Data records
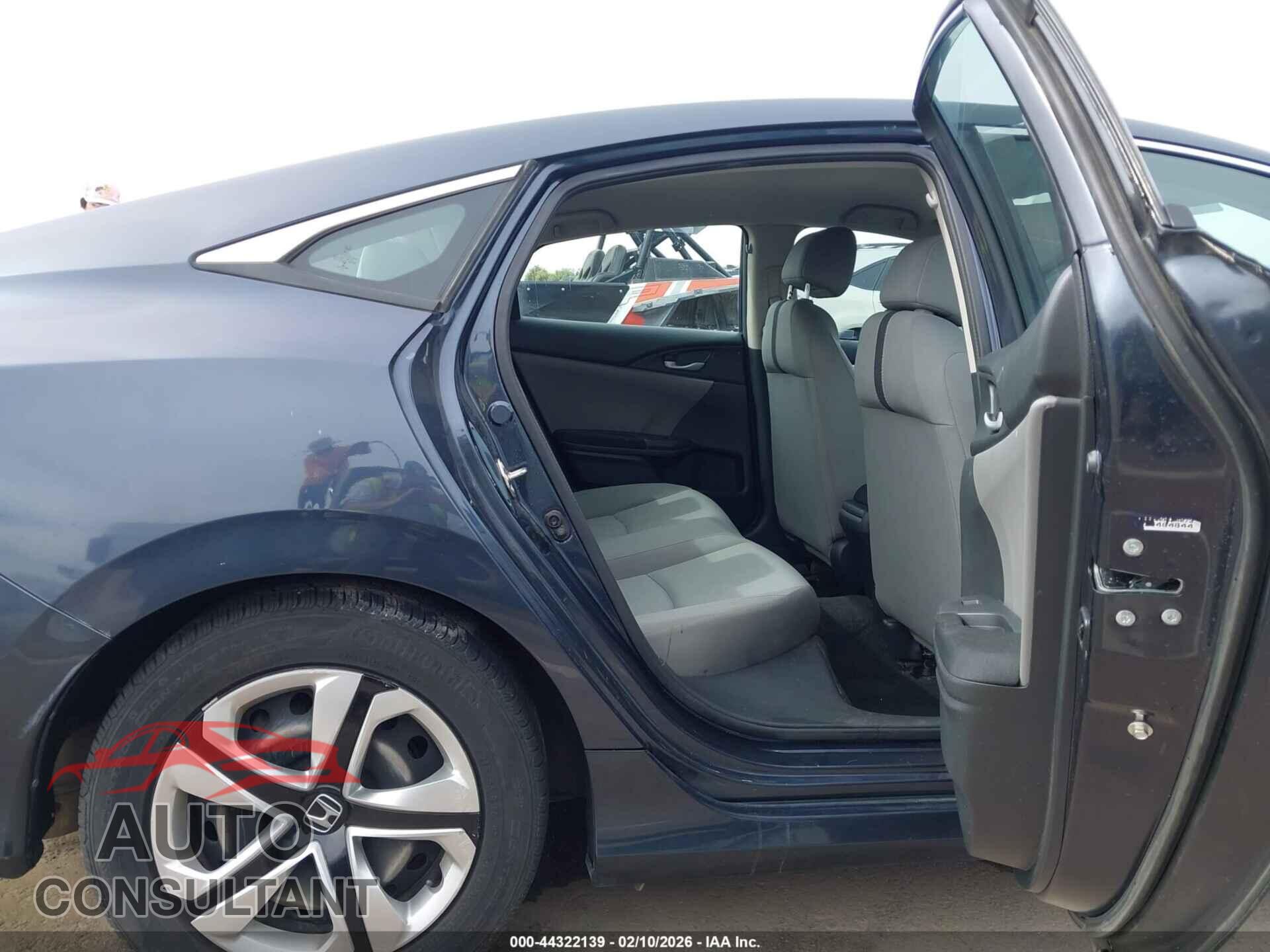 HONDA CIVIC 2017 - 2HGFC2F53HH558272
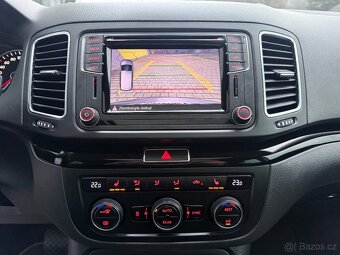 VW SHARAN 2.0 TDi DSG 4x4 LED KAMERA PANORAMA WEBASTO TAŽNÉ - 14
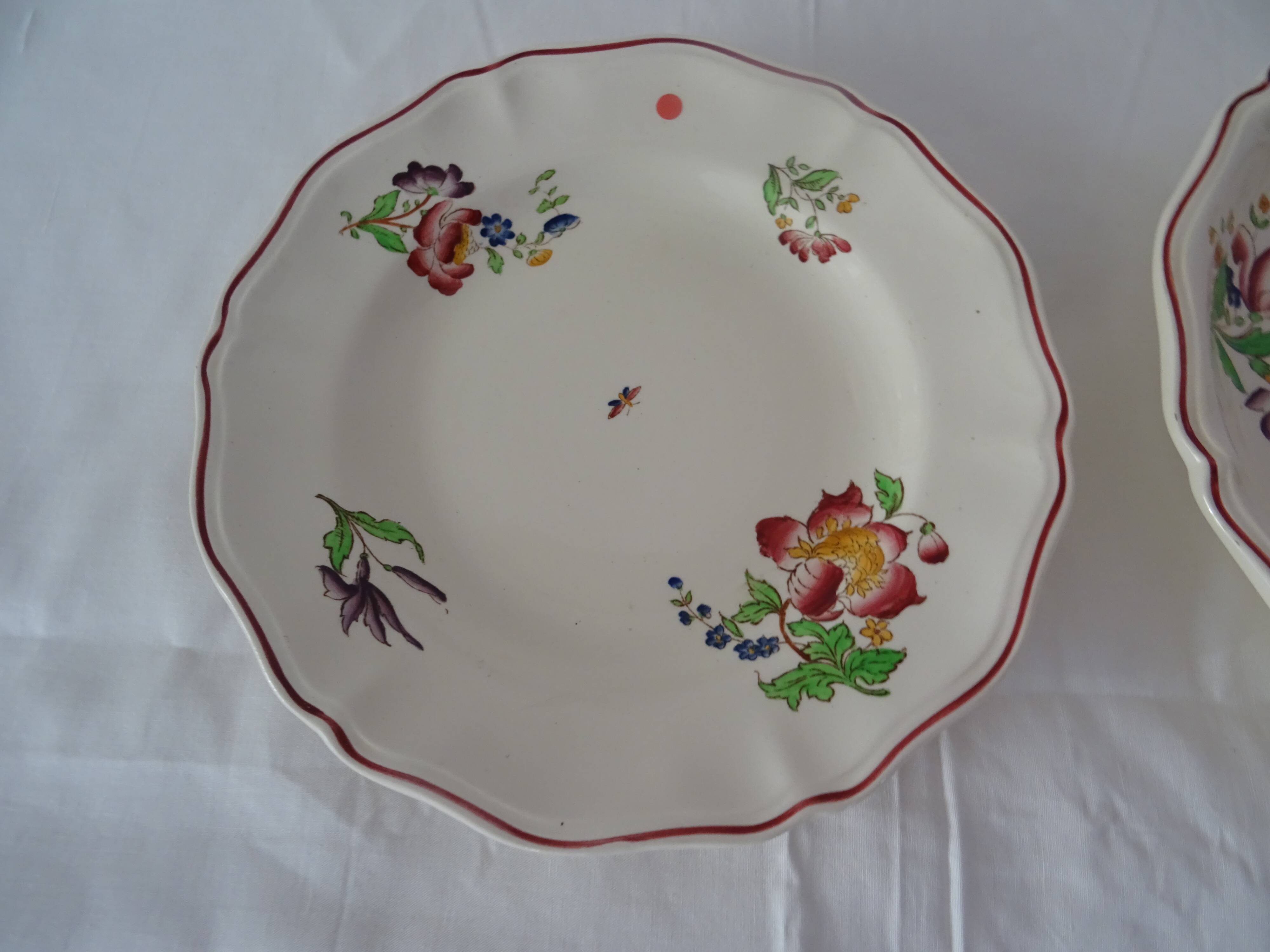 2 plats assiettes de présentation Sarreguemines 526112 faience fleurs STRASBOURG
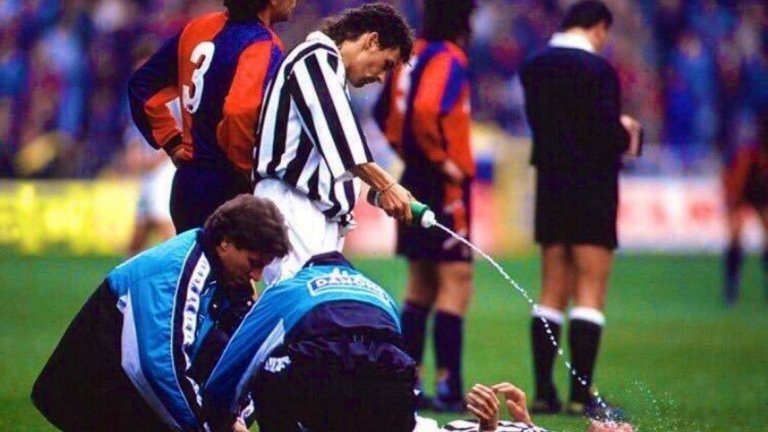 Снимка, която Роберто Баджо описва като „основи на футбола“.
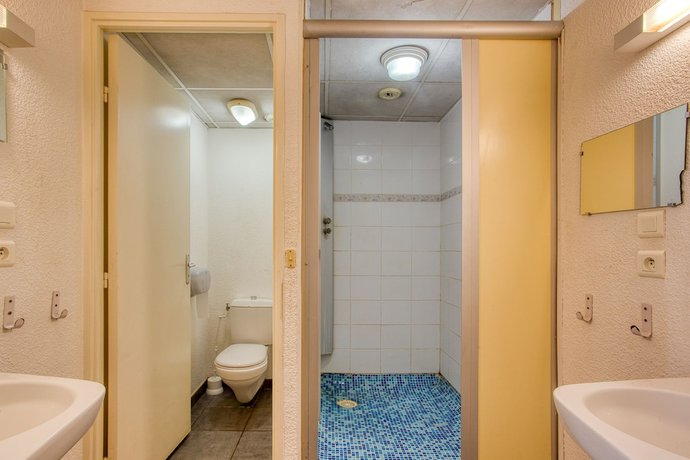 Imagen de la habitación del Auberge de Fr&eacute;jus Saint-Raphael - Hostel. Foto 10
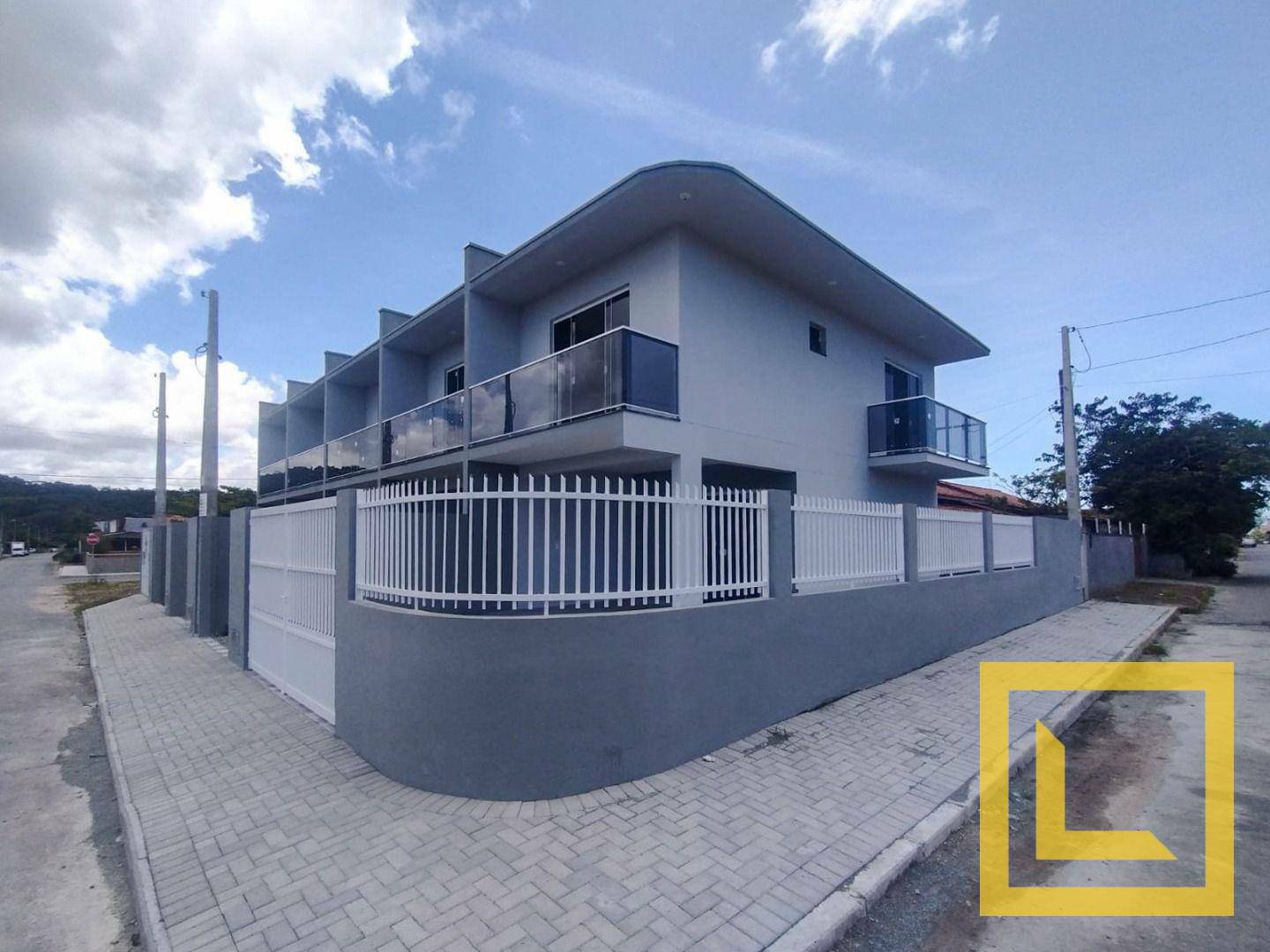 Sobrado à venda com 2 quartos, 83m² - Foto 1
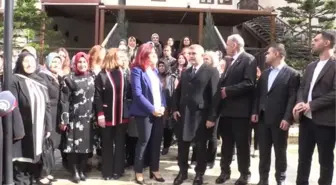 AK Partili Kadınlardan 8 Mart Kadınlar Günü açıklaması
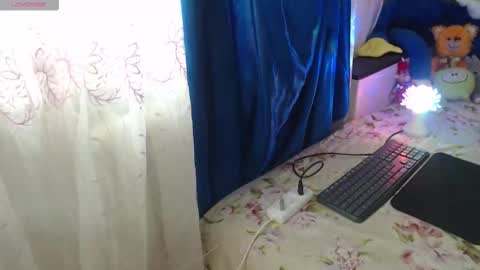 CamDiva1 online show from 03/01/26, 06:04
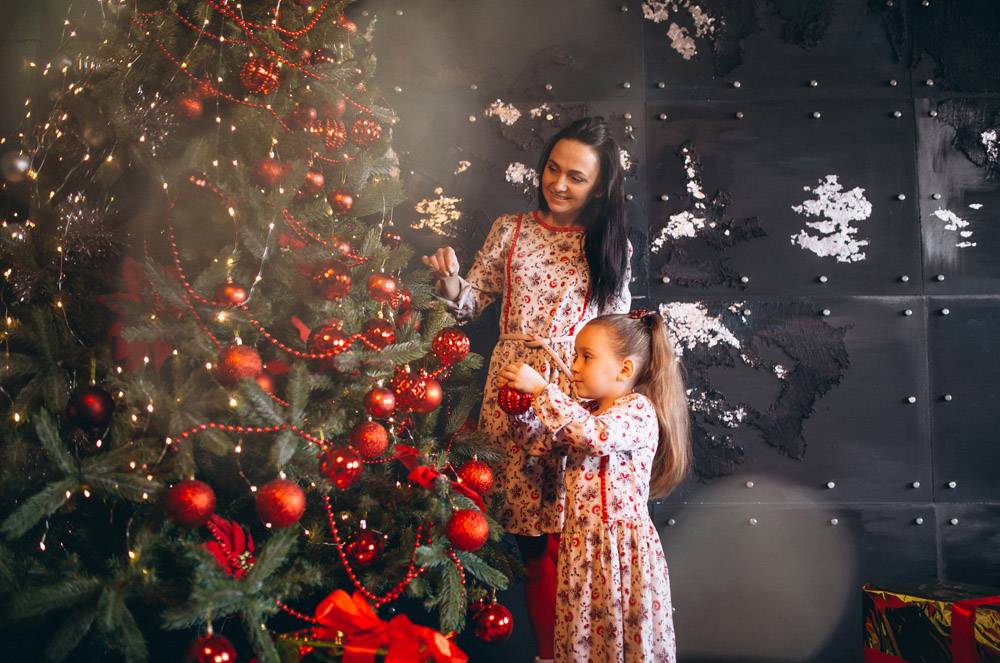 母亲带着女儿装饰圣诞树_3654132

◆ **About this task**
Leave the images aside and return the records above exactly as written.

◆ **Response box**
 HONDA CIVIC 2017 - 2HGFC2F53HH558272
 VW SHARAN 2.0 TDi DSG 4x4 LED KAMERA PANORAMA WEBASTO TAŽNÉ - 14
 2 plats assiettes de présentation Sarreguemines 526112 faience fleurs STRASBOURG
 Снимка, която Роберто Баджо описва като „основи на футбола“.
 Imagen de la habitación del Auberge de Fr&eacute;jus Saint-Raphael - Hostel. Foto 10
 Sobrado à venda com 2 quartos, 83m² - Foto 1
 AK Partili Kadınlardan 8 Mart Kadınlar Günü açıklaması
 CamDiva1 online show from 03/01/26, 06:04
 母亲带着女儿装饰圣诞树_3654132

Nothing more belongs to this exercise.